Ini Alasan SMA Kolese De Britto Tolak Konvoi Kelulusan yang Ganggu Ketertiban

Tradisi ini hanya dilakukan jika seluruh angkatan lulus 100%. Jika ada yang tidak lulus, kegiatan long march ditiadakan sebagai bentuk solidaritas.

Diperbarui 12 Mei 2025, 15:30 WIB
Share
Copy Link
Batalkan

Liputan6.com, Yogyakarta - SMA Kolese De Britto Yogyakarta memilih tradisi longmars dan bakti sosial sebagai bentuk perayaan kelulusan. Aksi ini merupakan bentuk tolak praktik konvoi dan corat-coret yang kerap menimbulkan gangguan ketertiban.

Konvoi kelulusan dengan sepeda motor dan corat-coret seragam telah lama menjadi sorotan karena menimbulkan masalah seperti kemacetan dan pelanggaran lalu lintas. Fenomena ini sering mengganggu aktivitas warga, terutama di kawasan pusat kota seperti Tugu Jogja.

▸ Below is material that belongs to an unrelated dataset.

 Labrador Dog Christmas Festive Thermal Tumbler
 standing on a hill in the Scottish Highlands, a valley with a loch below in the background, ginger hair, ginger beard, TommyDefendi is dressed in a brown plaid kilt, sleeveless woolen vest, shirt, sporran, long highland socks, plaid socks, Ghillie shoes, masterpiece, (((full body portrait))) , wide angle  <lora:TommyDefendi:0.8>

Mengutip dari berbagai sumber, sejak 2009 SMA Kolese De Britto secara tegas menghindari praktik tersebut dengan menggantinya melalui long march sejauh 5,5 km dari sekolah ke Tugu Jogja. Kegiatan long march tidak sekadar berjalan kaki.

Selama perjalanan siswa membersihkan sampah di jalan, membagikan makanan kepada tukang becak, pedagang kaki lima, dan warga kurang mampu. Aksi ini merupakan implementasi dari nilai sekolah yang berlandaskan slogan ad maiorem dei gloriam (demi kemuliaan Allah yang lebih besar).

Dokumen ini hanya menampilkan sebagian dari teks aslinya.